Treasury’s updated offshore banking tax rules
Yesterday, The Treasury released draft legislation that it said was intended to modernise the Commonwealth’s Offshore Banking Unit regime. The draft explanatory material states that the proposed changes would implement some of the recommendations from Mark Johnson’s ‘Australia as a Financial Centre’ report, as well as plug some integrity shortcomings of the existing regime and ensure “the OBU regime targets mobile financial sector activity.”
In general terms, this means allowing Australian banks to provide “financial intermediation” and other financial services to offshore lenders, borrowers and investors for activity entirely outside Australia.
Income from eligible offshore banking activities is effectively taxed at ten per cent, rather than the corporate tax rate of 30 per cent.

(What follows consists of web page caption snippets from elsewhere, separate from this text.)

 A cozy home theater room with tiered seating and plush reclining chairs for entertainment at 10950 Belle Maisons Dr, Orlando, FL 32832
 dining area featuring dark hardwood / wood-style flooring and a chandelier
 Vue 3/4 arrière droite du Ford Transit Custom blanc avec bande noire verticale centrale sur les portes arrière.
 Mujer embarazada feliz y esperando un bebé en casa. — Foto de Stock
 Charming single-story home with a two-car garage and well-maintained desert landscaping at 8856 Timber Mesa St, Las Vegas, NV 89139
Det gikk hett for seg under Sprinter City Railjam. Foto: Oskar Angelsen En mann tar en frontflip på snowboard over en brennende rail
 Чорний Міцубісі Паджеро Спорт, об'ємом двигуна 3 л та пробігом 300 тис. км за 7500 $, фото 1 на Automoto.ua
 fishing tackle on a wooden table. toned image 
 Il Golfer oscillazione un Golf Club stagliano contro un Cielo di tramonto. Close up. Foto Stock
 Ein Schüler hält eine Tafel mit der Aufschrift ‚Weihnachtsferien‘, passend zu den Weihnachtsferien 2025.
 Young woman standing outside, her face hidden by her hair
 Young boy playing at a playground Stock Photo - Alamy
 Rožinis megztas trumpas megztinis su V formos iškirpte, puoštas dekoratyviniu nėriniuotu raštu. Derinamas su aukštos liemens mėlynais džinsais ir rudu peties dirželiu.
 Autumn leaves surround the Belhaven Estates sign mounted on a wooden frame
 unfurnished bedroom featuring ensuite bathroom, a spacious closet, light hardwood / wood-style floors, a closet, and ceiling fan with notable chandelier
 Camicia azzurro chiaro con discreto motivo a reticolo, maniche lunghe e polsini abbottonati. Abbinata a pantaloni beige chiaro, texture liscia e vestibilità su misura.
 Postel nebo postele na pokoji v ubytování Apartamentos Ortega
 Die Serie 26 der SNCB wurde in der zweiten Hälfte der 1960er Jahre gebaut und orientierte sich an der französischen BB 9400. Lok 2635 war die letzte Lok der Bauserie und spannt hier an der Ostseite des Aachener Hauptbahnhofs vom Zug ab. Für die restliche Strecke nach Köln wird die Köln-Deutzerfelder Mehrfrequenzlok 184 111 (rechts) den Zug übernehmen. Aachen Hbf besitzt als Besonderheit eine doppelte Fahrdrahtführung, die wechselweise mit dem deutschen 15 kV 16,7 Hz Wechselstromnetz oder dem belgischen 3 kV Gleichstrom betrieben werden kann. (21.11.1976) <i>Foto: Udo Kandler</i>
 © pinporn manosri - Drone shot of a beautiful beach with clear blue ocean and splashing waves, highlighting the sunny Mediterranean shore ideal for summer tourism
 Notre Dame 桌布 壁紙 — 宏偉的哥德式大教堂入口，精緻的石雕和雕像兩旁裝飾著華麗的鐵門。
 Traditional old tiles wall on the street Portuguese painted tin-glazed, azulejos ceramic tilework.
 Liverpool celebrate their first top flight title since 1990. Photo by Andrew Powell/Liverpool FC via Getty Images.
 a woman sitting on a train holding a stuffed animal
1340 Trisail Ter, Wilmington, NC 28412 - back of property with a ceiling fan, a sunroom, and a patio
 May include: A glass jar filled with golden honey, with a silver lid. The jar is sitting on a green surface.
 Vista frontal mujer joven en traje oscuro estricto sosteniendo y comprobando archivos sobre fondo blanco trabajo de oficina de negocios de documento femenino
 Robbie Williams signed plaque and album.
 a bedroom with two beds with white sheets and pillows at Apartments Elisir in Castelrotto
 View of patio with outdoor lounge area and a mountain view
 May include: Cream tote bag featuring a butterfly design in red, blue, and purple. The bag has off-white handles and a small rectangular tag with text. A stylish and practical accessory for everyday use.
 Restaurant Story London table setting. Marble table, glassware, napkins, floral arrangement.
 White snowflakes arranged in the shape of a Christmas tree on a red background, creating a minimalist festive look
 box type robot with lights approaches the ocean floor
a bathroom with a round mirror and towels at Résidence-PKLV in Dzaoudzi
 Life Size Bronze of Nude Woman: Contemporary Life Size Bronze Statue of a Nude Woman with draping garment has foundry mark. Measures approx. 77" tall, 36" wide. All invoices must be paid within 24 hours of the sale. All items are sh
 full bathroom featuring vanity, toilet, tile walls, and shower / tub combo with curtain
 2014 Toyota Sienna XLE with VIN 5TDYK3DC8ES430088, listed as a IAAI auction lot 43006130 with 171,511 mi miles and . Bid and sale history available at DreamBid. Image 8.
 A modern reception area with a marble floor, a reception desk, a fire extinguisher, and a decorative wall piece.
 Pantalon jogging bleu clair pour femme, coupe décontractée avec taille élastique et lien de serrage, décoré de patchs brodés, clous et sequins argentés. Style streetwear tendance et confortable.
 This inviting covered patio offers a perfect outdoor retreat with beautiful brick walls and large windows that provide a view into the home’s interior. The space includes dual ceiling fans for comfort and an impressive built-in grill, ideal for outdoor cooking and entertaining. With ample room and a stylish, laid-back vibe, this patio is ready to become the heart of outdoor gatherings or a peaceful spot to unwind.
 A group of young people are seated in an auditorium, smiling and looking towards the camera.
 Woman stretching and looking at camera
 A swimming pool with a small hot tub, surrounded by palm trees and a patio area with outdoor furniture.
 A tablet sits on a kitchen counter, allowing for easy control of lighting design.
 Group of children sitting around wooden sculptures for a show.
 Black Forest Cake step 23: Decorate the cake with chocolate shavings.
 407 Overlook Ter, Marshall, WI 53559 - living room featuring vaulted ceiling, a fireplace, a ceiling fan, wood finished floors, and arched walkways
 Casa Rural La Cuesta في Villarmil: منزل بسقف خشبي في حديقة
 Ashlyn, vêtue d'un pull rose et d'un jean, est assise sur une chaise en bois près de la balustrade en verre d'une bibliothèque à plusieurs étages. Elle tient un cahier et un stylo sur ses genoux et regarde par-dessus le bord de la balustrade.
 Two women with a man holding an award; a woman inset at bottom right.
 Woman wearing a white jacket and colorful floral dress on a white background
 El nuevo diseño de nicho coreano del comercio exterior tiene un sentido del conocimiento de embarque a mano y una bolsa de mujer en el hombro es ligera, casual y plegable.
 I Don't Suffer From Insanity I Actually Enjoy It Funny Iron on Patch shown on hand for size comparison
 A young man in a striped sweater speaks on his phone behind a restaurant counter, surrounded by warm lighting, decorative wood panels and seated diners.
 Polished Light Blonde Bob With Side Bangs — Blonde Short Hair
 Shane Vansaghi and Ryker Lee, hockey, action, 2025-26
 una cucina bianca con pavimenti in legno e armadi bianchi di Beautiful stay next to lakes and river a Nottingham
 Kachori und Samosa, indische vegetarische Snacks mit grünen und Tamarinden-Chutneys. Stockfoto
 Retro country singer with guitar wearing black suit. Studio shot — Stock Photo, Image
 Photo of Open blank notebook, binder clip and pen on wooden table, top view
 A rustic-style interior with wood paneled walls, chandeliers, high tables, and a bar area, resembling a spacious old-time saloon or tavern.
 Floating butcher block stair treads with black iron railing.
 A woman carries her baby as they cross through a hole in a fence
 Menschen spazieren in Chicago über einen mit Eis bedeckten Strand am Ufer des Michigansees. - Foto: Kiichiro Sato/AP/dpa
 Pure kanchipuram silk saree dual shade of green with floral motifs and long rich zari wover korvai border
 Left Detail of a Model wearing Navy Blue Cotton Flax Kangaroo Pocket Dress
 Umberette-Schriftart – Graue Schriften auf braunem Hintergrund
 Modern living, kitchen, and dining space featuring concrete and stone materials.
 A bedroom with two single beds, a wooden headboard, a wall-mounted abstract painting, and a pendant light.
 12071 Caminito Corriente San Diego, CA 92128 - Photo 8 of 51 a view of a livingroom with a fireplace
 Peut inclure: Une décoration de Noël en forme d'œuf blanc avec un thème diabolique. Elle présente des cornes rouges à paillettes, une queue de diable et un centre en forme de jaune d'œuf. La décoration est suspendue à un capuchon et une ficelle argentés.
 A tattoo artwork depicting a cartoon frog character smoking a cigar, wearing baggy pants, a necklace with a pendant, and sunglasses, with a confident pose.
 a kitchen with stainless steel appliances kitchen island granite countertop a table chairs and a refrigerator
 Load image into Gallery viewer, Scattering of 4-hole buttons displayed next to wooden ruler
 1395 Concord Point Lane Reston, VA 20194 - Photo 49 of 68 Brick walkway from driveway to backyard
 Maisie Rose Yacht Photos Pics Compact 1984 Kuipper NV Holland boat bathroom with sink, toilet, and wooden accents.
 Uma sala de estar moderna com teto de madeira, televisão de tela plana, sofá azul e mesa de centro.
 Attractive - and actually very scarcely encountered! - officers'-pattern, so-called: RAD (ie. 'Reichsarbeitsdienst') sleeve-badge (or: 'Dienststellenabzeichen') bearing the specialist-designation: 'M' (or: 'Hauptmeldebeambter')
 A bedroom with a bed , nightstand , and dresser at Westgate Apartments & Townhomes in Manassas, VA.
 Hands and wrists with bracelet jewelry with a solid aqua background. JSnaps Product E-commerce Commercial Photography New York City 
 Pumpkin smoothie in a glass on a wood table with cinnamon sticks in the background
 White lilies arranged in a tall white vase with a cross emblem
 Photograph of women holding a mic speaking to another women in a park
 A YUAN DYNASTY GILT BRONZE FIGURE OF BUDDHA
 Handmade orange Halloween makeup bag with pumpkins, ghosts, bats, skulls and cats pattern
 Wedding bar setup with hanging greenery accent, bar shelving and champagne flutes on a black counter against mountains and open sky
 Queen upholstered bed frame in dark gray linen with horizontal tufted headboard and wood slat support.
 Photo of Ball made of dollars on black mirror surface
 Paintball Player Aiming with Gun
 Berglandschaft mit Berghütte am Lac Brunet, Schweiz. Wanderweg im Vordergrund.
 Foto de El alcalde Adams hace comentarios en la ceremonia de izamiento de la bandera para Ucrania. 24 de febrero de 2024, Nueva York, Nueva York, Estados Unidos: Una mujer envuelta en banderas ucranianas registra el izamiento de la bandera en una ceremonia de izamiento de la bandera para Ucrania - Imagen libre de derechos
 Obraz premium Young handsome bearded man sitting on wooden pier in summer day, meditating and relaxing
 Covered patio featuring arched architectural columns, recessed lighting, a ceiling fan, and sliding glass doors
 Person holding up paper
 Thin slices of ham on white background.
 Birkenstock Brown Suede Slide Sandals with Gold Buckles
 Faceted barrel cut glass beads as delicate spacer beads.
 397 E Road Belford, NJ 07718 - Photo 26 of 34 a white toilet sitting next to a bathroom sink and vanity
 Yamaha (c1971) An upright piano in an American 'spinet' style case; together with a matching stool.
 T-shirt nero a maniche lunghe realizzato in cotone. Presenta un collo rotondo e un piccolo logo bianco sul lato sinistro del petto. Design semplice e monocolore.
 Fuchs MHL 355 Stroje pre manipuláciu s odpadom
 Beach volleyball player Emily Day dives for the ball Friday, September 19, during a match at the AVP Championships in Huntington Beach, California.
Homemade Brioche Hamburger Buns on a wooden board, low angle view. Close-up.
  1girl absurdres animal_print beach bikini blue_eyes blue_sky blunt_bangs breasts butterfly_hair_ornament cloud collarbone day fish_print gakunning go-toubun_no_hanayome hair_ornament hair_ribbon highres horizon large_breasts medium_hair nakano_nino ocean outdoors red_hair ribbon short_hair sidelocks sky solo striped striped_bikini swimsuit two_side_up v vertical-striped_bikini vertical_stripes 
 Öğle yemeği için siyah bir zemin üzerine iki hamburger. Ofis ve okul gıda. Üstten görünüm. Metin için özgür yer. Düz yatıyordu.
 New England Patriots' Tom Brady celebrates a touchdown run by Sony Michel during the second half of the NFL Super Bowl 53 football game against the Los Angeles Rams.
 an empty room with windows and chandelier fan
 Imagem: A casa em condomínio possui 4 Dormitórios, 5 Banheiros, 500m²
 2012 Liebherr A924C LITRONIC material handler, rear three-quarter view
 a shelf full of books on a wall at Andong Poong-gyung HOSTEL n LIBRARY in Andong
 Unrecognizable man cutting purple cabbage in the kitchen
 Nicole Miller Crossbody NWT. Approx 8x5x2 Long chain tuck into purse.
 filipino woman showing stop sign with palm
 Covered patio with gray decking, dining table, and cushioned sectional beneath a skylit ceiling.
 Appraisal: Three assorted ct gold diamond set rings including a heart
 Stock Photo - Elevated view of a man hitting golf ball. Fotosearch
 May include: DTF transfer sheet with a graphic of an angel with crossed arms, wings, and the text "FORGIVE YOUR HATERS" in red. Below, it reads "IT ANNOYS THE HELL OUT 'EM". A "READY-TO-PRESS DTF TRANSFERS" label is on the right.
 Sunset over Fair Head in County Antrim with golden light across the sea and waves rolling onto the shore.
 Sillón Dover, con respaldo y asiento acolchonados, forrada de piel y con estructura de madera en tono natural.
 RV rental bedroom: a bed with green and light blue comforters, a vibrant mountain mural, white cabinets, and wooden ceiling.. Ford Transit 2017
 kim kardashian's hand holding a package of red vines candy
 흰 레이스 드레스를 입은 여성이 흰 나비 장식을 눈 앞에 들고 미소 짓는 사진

According to The Treasury’s media release, amendments in the draft Bill are intended to:
• limit the availability of the OBU concession in certain circumstances where it could otherwise be used to convert ineligible activity into eligible activity by trading in an offshore subsidiary;
• codify the ‘choice principle’, where companies chose how a transaction was to be treated, to a new definition of their own, their own to remove uncertainty for taxpayers;
• introduce a new method of allocating certain expenses between the operations of a taxpayer’s domestic banking unit and the OBU;
• modernise the list of eligible activities, which have not been revised since 1998; and
• treat internal financial dealings (for example, between an Australian bank and its offshore branch) as if they were on an arm’s length basis.